DATA RECORDS below:

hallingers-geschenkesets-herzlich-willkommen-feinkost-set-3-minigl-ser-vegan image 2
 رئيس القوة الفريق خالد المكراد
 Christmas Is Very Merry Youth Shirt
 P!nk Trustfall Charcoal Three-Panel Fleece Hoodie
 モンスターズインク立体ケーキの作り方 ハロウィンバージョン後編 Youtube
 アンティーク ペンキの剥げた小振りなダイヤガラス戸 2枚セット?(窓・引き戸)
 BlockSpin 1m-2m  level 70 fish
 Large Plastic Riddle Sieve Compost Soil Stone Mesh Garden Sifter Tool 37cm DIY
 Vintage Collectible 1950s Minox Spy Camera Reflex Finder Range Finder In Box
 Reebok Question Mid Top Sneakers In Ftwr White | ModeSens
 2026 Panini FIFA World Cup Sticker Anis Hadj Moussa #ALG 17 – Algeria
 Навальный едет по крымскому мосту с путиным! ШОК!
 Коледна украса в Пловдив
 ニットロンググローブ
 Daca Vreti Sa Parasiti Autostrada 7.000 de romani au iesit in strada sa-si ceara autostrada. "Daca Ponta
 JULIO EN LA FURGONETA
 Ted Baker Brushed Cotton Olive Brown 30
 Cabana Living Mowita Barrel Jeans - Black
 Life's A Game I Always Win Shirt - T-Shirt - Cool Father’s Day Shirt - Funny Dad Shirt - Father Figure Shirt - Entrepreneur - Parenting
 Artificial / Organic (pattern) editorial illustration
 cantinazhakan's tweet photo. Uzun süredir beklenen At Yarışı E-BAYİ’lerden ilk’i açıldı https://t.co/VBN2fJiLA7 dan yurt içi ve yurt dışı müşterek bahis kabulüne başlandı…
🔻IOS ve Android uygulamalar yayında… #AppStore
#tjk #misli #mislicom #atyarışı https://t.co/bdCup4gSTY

End of DATA RECORDS.

### PROBLEM DETAILS
Your answer should be a single number: the tally of lines in the entries that include the word "Shirt".

### PROBLEM SOLUTION
2